Spending time abroad improved Cortnie's German skills tremendously. "It's a hard language to learn solely in the classroom," she says. During her junior year, Cortnie obtained a global internship through the UO's Office of International Education IE3 program. She worked for an intercultural training firm that helps German business people adjust to life in America. For one of the firm's clients, Cortnie researched school systems and doctors for a German family relocating to Chicago. Her job was to bridge the cultural gap between the German way and the American way.
"The experience really helped my fluency a lot,” Cortnie says. She also got upper-division credit in both German and International Studies.
Cortnie also enjoys the tight-knit community of the Germanic Studies Department. "It's really small. You get to know the faculty and your fellow students really well over the years."
Cortnie is interested in economic development, particularly in how Germany provides economic aid to developing countries. She is currently a finalist for a Fulbright Scholarship that will allow her to continue her studies in graduate school in Berlin.
Senior Eric Anderson has been studying German since high school. "It's fun learning another language," he says. "When you go to another country, they appreciate you more when you speak a bit of their language." When Eric came to the UO he decided to combine a major in German with a minor in business.
He spent his entire junior year in Stuttgart at the University of Hohenheim, one of more than 100 exchange programs in more than 70 countries available though the University of Oregon's Office of International Education and Exchange.
"It was great," Eric says of his experience abroad. "I met a lot of great people from all over the world.
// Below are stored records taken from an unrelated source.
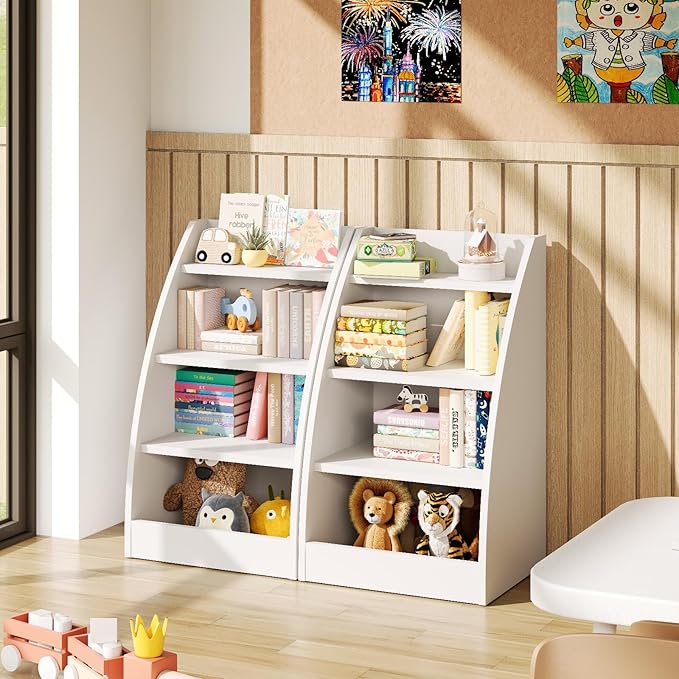 Kids Bookshelf and Toy Organizer,4 Tier Kids Book Shelf for Kids Rooms,Wood Children Bookcase,Baby Storage Book Rack,Toddler Bookshelf,Toy Storage Organizer,Book Display Shelf for Playroom, Nursery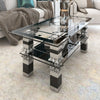 Glass Living Room Coffee Table With Lower Shelf Black Modern Rectangle Tea Table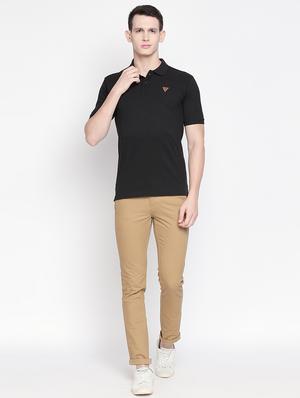 beige solid chinos - 16611390 - Standard Image - 4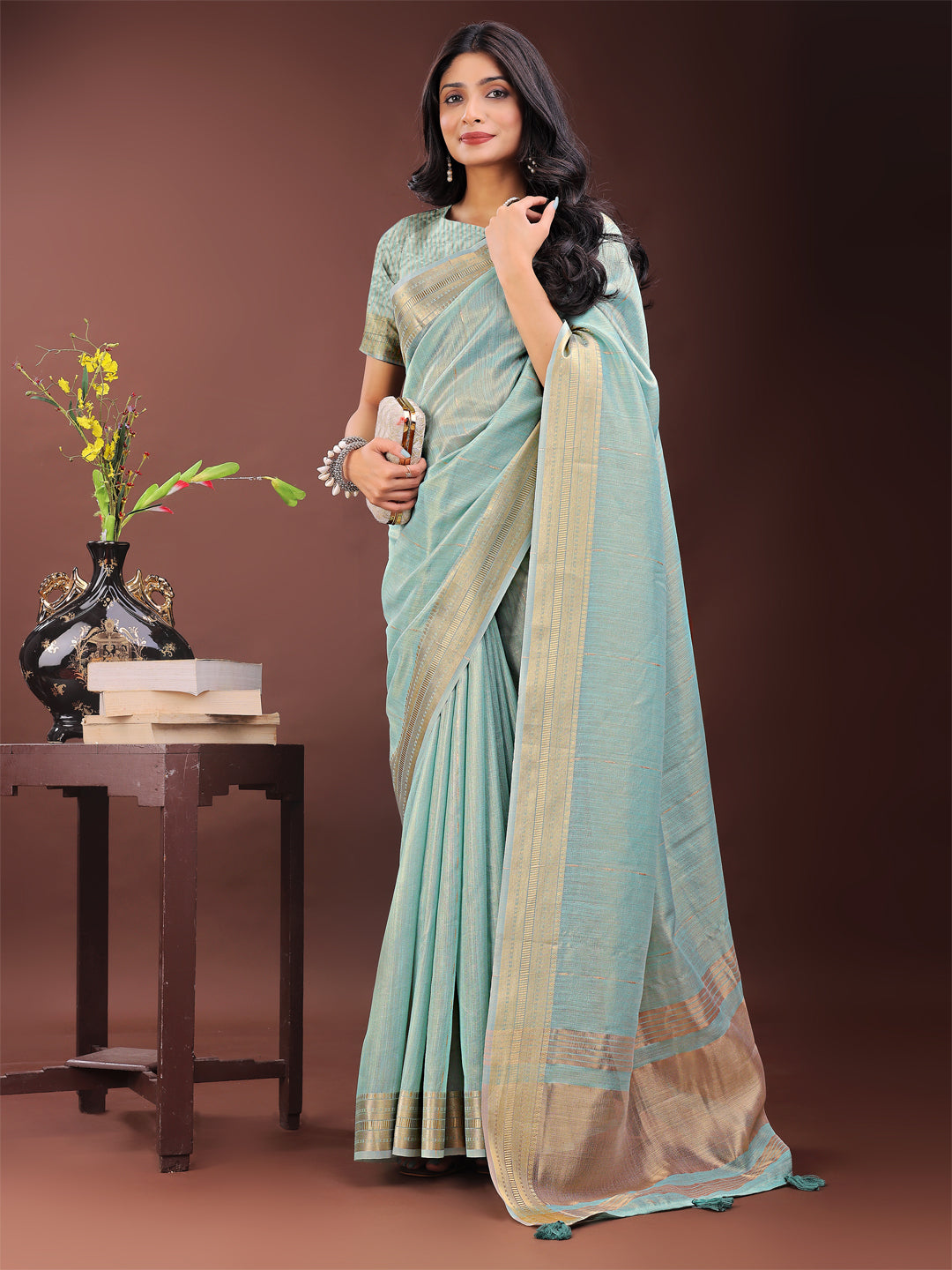 Shree Shyam Fashion Elegant Olive Green Organza Saree with Golden Zari Border - Festive & Office Wear Saree with Blouse Piece | Grocsy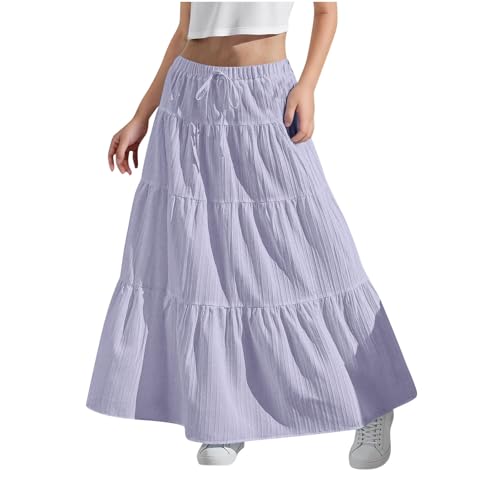 KODMNSW Maxirock Damen Mädchen Langer Rock Faltenrock mit Fliege Maxi Skirt Elastischer Bund Breitersaum Röcke Lang Sommer Leichte Kinder Tellerrock Einfach Schick Strandrock Freizeitrock Lila 130 von KODMNSW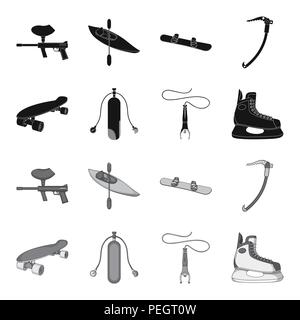 Skateboard, réservoir d'oxygène pour la plongée sous-marine, saut à ski, patin de hockey.sport extrême set collection icônes de style monochrome noir,symbole vecteur stock illustratio Illustration de Vecteur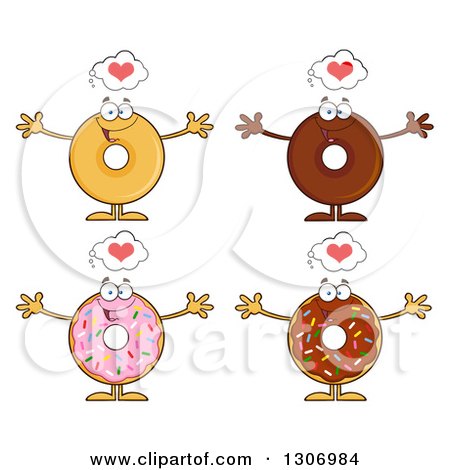 Clipart of Cartoon Happy Round Donut Characters with Hearts and Open Arms - Royalty Free Vector Illustration by Hit Toon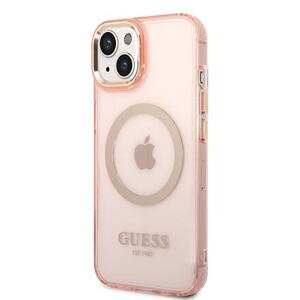 Guess Translucent MagSafe Kompatibilní Zadní Kryt pro iPhone 14 Plus Pink GUHMP14MHTCMP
It's really the only way to truly learn a language."
After graduation, Eric wants to join the Peace Corps, and learn how to assess a community's needs and issues. He plans to apply that knowledge to starting or joining a nonprofit or community-oriented business either here or abroad.
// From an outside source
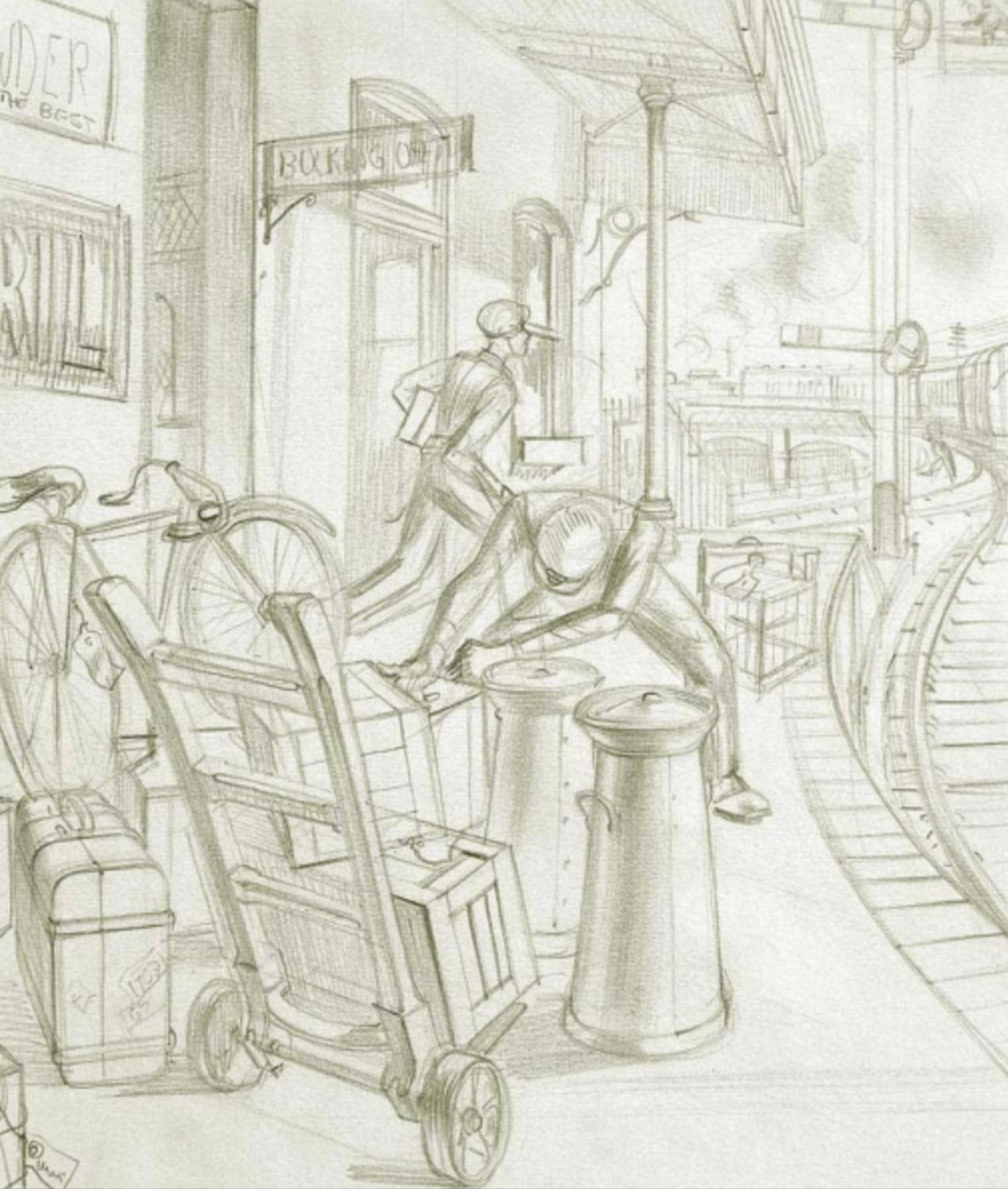 Gordon Scott Figurative Art - Approaching Train, Mid-20th Century Graphite Sketch, White Gold Frame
Professor and Department Head Susan Anderson works on German and Austrian narrative from the late nineteenth century to the present, with emphasis on identity, gender, multiculturalism, and history. She is currently completing a book-length project on notions of the foreign in contemporary German literature and film.
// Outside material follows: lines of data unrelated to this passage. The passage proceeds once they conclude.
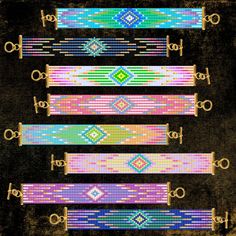 four rows of bracelets are shown in different colors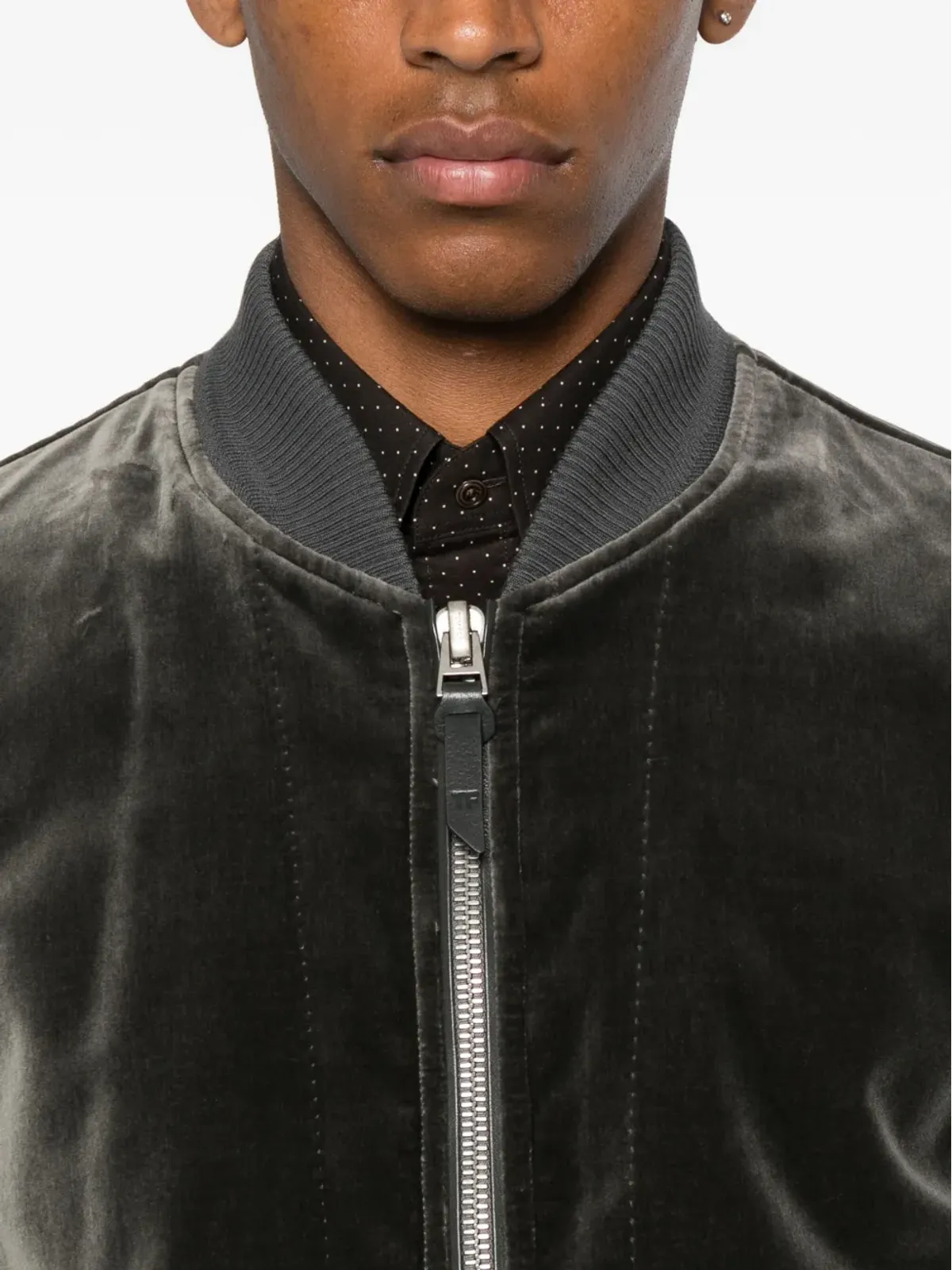 TOM FORD ベルベット ジップフロント ボンバージャケット - グレー - 画像5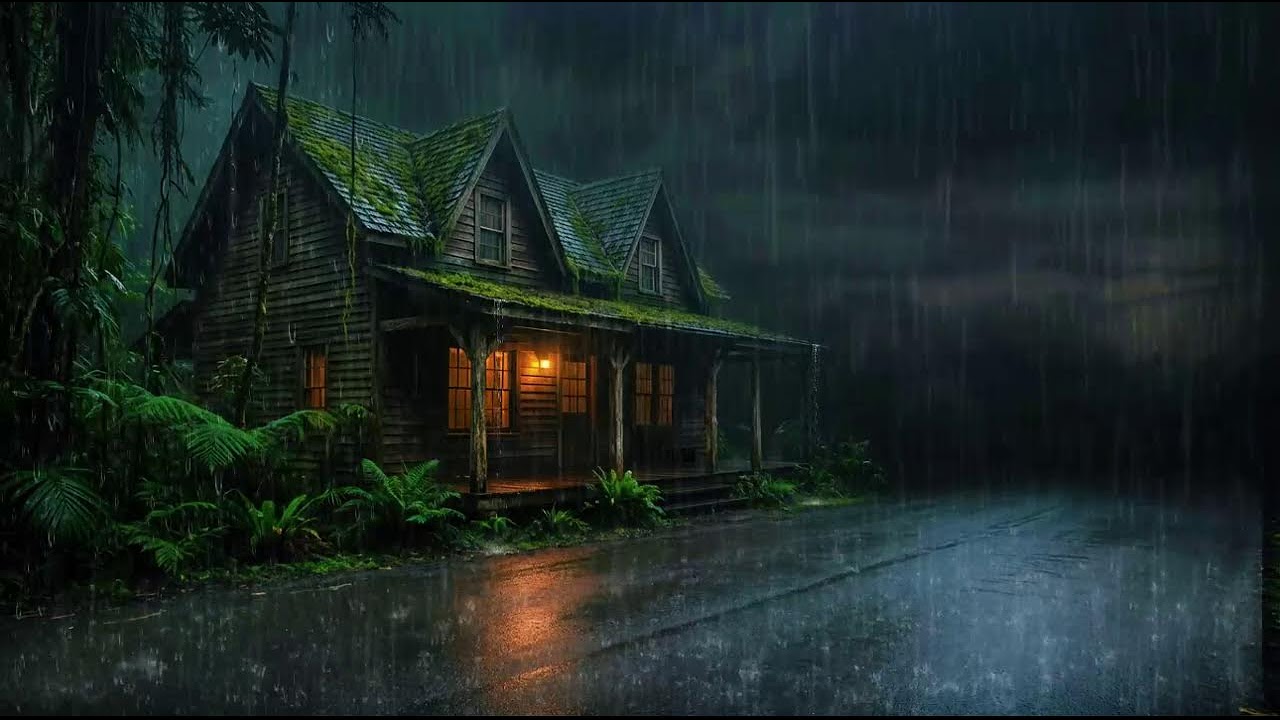 Gentle Rainfall at Warm Forest Cabin for Peaceful Sleep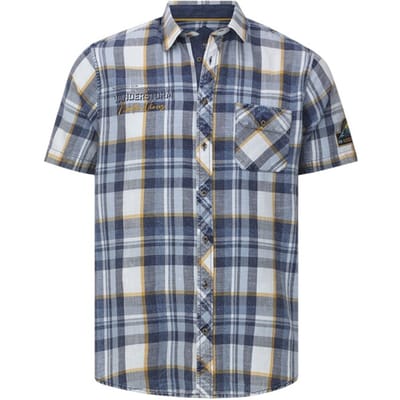 Jan Vanderstorm herren Overhemd Met Korte Mouwen - 51/52 - blauw - Plus Size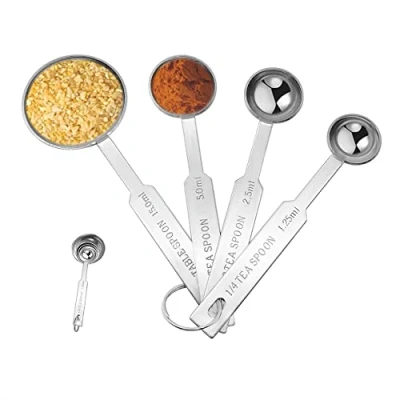 Image of Stainless Steel Measuring Spoons Sets,4 Pieces Metal Measure Spoon for Baking, Tools, Cooking, Cups (Four 4 Pcs)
Professor Alexander Mathäs has taught courses on drama, the Doppelgänger-motif, Postcolonial literature, postwar literature, and German culture from the Reformation period to the present. He is currently working on a book entitled "Cloning the Bourgeois-Subject: Self and Other in German Literature, 1770-1848."
Associate Professor Ellen Rees' research interests range from Scandinavian prose modernism and experimental prose fiction to Scandinavian cinema. Her teaching interests include Norwegian language, contemporary Scandinavian culture, and a wide range of Scandinavian authors.
A bachelor’s degree in German enables students to pursue careers in college and secondary teaching, international business, government and foreign service, and translation and editorial work. Graduates of the department often go into graduate programs in German, Scandinavian, linguistics, history, and comparative literature. Recent graduates of the department have also gone on to schools of law and business.